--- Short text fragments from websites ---
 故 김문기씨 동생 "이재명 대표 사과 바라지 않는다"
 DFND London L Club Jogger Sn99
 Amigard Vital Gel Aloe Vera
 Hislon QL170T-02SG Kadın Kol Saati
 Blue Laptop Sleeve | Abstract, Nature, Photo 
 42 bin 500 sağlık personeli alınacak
--
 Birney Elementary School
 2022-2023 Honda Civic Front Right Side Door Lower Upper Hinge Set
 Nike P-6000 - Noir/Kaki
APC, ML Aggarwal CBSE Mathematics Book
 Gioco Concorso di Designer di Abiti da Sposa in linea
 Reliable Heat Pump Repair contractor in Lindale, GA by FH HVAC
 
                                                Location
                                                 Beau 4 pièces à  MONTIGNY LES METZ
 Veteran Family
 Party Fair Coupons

--- Exercise objective ---
Which lines run from the one holding "Blue Laptop Sleeve" through the one holding "42 bin 500 sağlık personeli alınacak" in the records above? Repeat them exactly, both included, and nothing more.

--- Answer to this task ---
 Blue Laptop Sleeve | Abstract, Nature, Photo 
 42 bin 500 sağlık personeli alınacak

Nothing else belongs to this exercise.